If you are lliterally looking for a visual indicator what about these illuminated switched plugs (amazon) ?


----------



## jameson_uk (19 May 2020)

I have used the TP Link Kasa smart plugs in my tanks for about three years (originally as a timer for lights). I now have about 10 of them across the house (particularly useful for Christmas lights)

I have recently replaced the four gang for my Betta tank with one of these https://smile.amazon.co.uk/dp/B082LK6KPY/ and again this has been surprisingly reliable.

I expected them to be a bit rubbish and end up binning them but they have been rock solid. Now when feeding the fish I have Alexa turn off the filter and skimmer and then turn them back on after 30 minutes. Unlike some other devices these actually have a feedback mechanism so if you it only says the device is on when it actually is. It is also adjusts for daylight saving.

I think TP links data usage isn't the greatest but at the basic level they have your basic details, a number of named plugs and whether they are on or not. They don't listen. Connecting them up to Amazon / Google is another question.

I see that TP Link seem to have replaced the Kasa line up with a Tapo range which I have no experience of.


----------



## SRP3006 (19 May 2020)

Im using a WiFi one from amazon, it came up on a thread on here (can't remember which one sorry) and so far seems to be pretty good. Got all the standard things running off it, heater, lights co2 on timer etc. No probs at all and if the WiFi goes off it keeps its program. It's not the one in the link but very similar.


----------



## hypnogogia (19 May 2020)

jameson_uk said:


> I have used the TP Link Kasa smart plugs in my tanks for about three years (originally as a timer for lights). I now have about 10 of them across the house (particularly useful for Christmas lights)
> 
> I have recently replaced the four gang for my Betta tank with one of these https://smile.amazon.co.uk/dp/B082LK6KPY/ and again this has been surprisingly reliable.
> 
> ...



like you I’m running a couple of those smart plugs and am very happy with them.  Was only looking at that strip last night.  Shame they only do a 3 gang rather than 4 gang.  You’d recommend them though?


----------



## jameson_uk (19 May 2020)

hypnogogia said:


> like you I’m running a couple of those smart plugs and am very happy with them.
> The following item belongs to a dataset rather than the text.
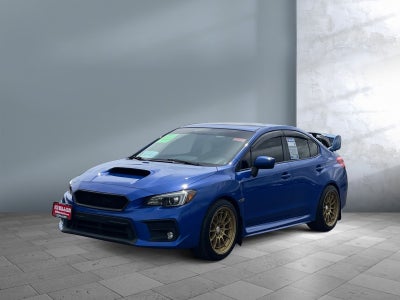 2020 Subaru WRX Limited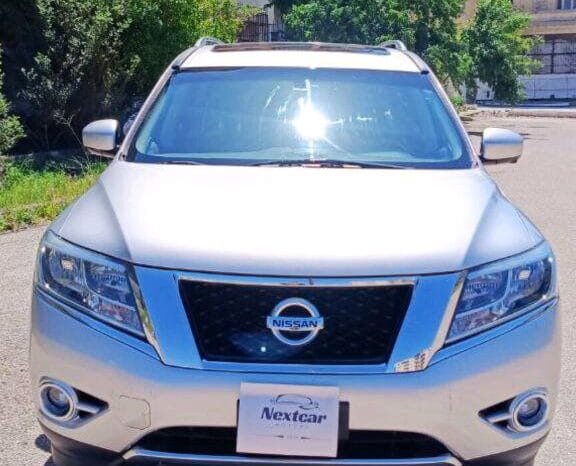 
								 نيسان – Nissan باثفايندر-Pathfinder ممتلئ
Was only looking at that strip last night. Shame they only do a 3 gang rather than 4 gang. You’d recommend them though?


The extension seems to work well but it has only been running a month or so and as with all these things it is reliability that is the most important thing. So far nothing to suggest it is any different to the plugs.

The Betta tank is in the front room so not having to have a timer / smart plug sticking out for the lights does mean it looks neater and is easier to hide wiring (brownie points ).

The first device I got was https://smile.amazon.co.uk/dp/B003JT088S/ which suffers from the things people complain about (devices are off after a power cut, the on switch doesn't always turn the device on...). I do still have this for the shrimp tank but largely because I am too lazy to move and unplug everything. I am running a filter, lights, heater and air pump in the shrimp tank so have the same issue with the Kasa device only having three sockets. If it had four I would have replaced it already


----------



## Ryan Thang To (19 May 2020)

hello mate.

mine work brilliant. can be control with your phone using wifi or 4g.

if home lose wifi connection it will still work base on your setting so don't about that.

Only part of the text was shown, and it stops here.